Olivier Kenji Mathurin, product marketing manager at AIM Software: Much progress has happened in the past couple years with the emergence of the chief data officer (CDO) role. Where data governance was often perceived as optional, regulators and data vendors' requirements are putting the spotlight on it. It's not just reporting the data anymore, it's also about the compliance of the process to get the data.
But to work, data governance requires two elements: management commitment and recognizing data management as a business priority. This is where most firms still struggle. Firms that have gone through an EDM program often have an advantage because these programs are cross-functional and often lay the foundation for data governance: definition and implementation of data policies, data models and glossaries, ownership and stewardship functions, standards, processes and tools.
Paul McInnis, data management product manager, Eagle Investment Systems: Data governance is a crucial part of a successful data management framework. In fact, it is valued as a strategic asset and is almost universally recognized by investment management firms, although formal adoption of data governance strategies is only now starting to gain momentum. There are a number of drivers behind this growing interest, with organizations looking to gain material competitive advantages and relying on these efforts to achieve operational efficiencies.

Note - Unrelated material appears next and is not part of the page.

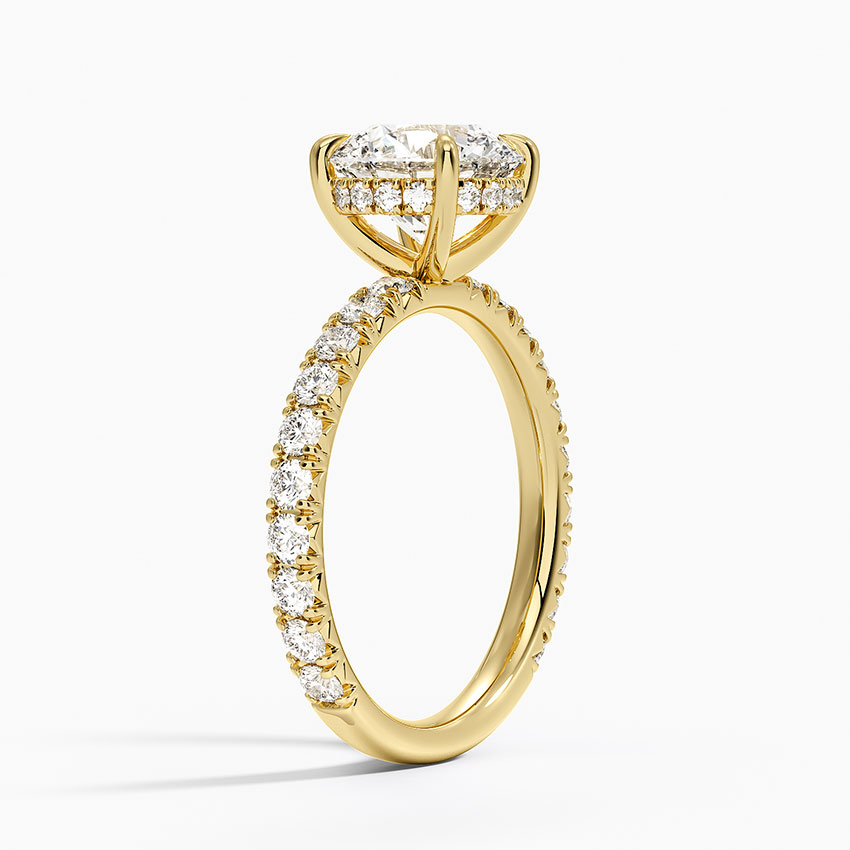 Perfect Fit French Pavé Diamond Ring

However, there is a gap between intention and execution when it comes to data governance, with many firms struggling to get these initiatives off the ground. A recent survey we conducted with WatersTechnology highlighted three main obstacles: lack of senior management involvement; lack of resources; and not knowing where to start on drafting a policy. Drivers for broader adoption of data governance policies by investment management firms include the need to efficiently and consistently handle the increasing volume and pace of information. Firms that have ignored the need to establish such policies have experienced operational inefficiencies, client losses and data security breaches.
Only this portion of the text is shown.